◆ **Instructions for the task**: Using the records below, find how many lines hold the word "from" and reply with only that number.

◆ **Task data**:

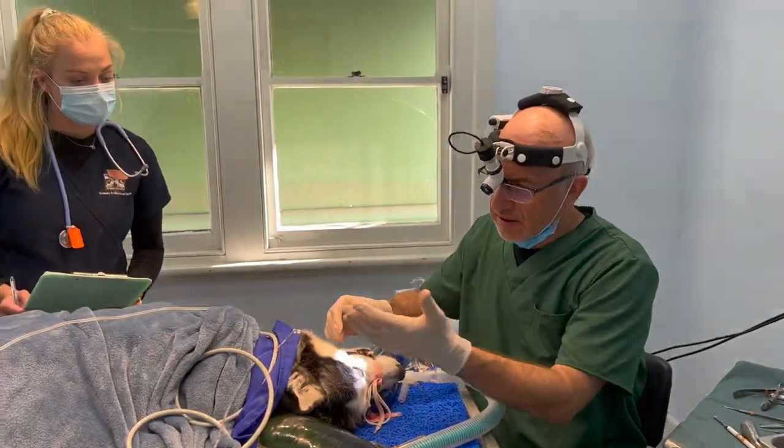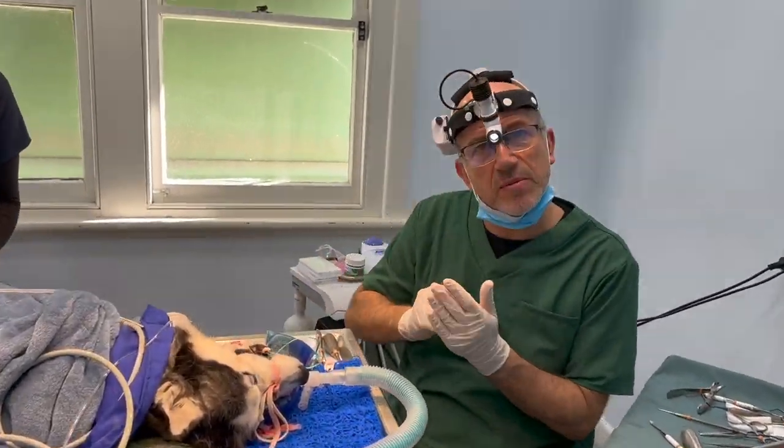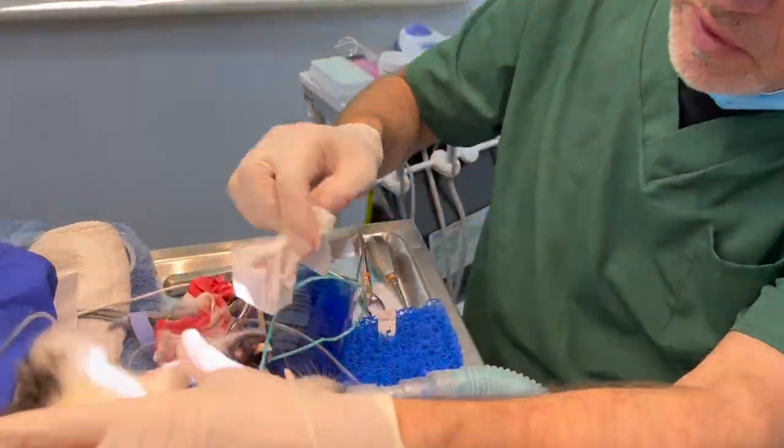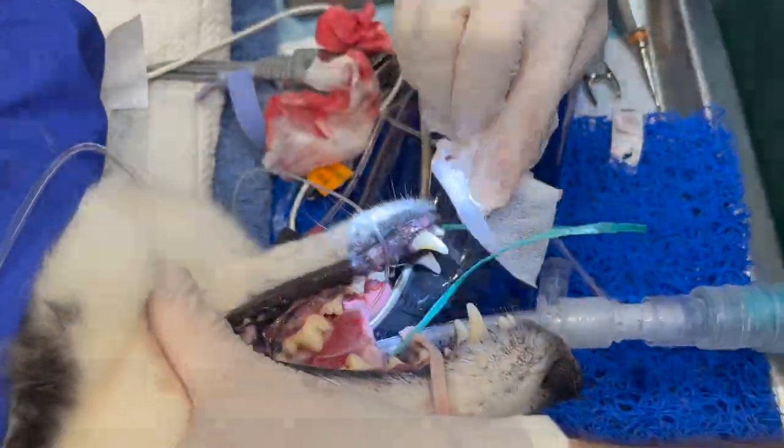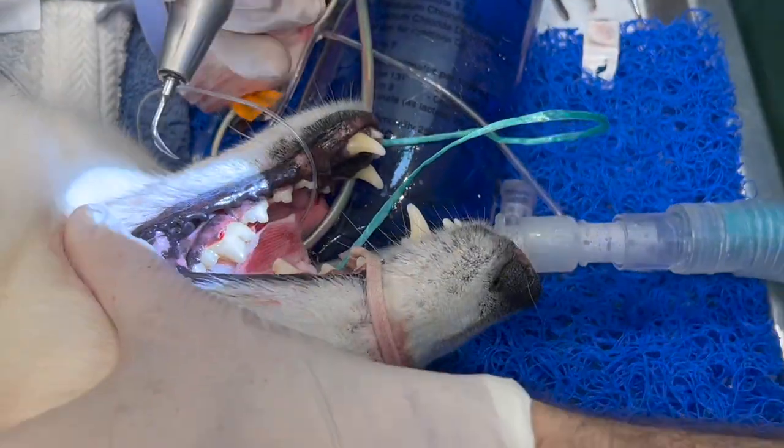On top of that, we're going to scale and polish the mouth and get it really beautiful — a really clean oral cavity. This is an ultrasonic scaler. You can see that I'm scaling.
==
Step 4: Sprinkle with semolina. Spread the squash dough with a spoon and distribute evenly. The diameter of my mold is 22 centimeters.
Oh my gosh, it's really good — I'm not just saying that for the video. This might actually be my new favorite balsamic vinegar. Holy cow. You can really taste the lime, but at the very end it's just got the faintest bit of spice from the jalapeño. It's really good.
==
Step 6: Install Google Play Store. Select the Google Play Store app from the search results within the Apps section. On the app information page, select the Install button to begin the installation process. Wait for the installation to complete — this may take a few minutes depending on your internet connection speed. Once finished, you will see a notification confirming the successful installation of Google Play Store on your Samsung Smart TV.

◆ **Written answer**: 2